GOAL OF THE EXERCISE:
Each entry that follows is to be copied exactly, minus any pictures.

SOURCE DATA:

**********

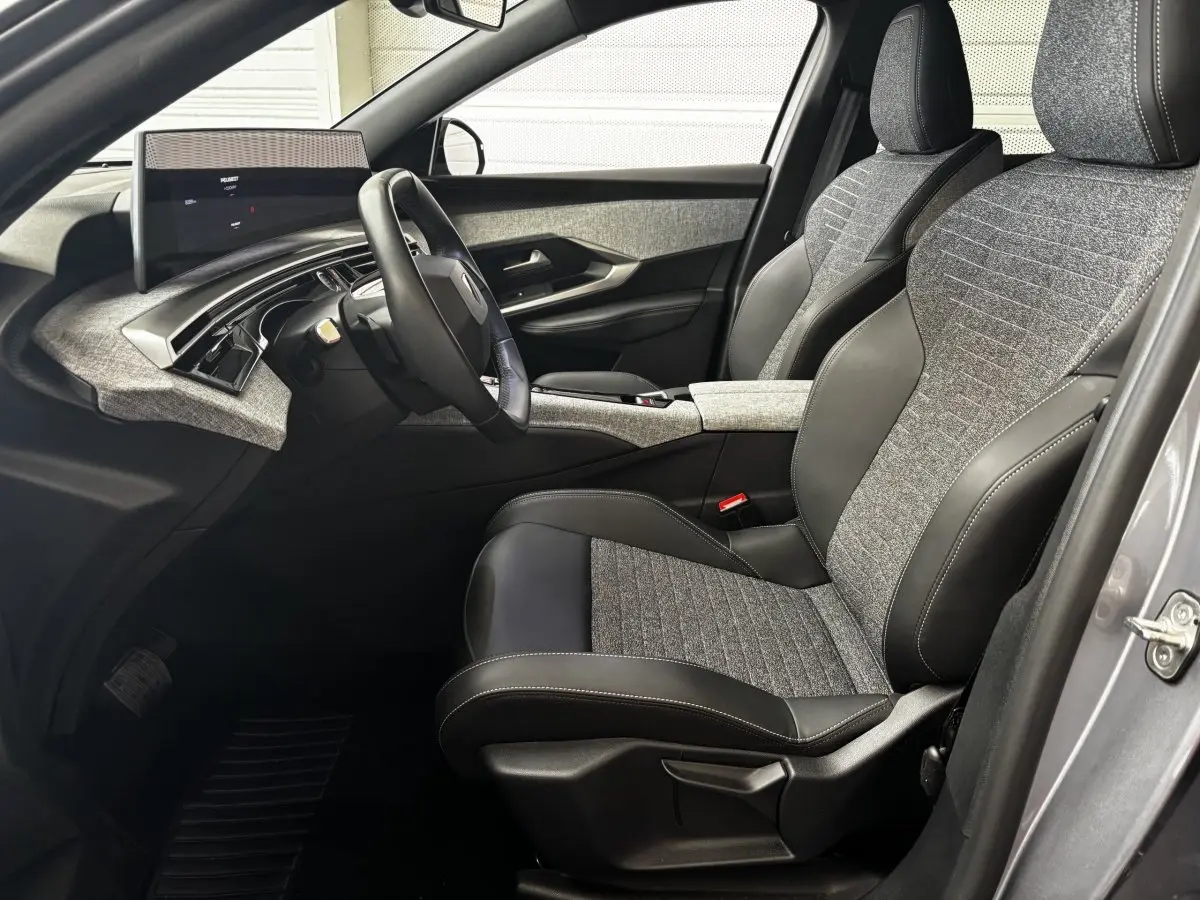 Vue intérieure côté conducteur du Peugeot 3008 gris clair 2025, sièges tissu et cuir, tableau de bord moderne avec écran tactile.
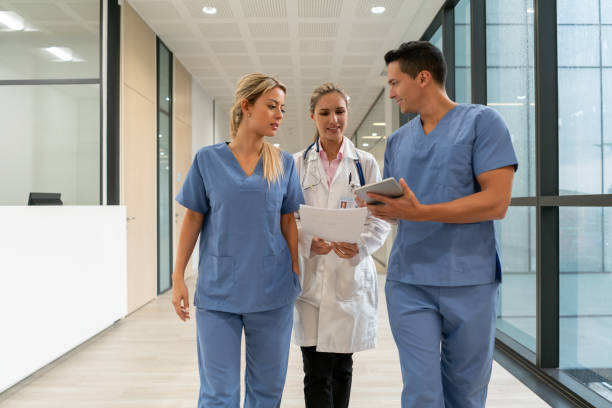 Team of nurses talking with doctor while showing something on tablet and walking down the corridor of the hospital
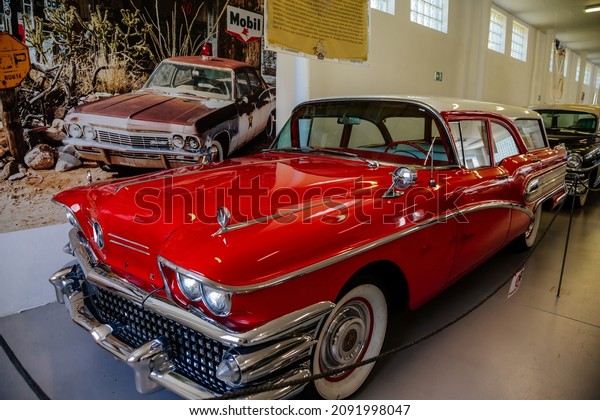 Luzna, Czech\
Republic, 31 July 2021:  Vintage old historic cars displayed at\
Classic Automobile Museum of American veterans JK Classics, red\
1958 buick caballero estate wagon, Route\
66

**********

SOLUTION TO THIS PROBLEM:
 Vue intérieure côté conducteur du Peugeot 3008 gris clair 2025, sièges tissu et cuir, tableau de bord moderne avec écran tactile.
 Team of nurses talking with doctor while showing something on tablet and walking down the corridor of the hospital
 Luzna, Czech\
Republic, 31 July 2021:  Vintage old historic cars displayed at\
Classic Automobile Museum of American veterans JK Classics, red\
1958 buick caballero estate wagon, Route\
66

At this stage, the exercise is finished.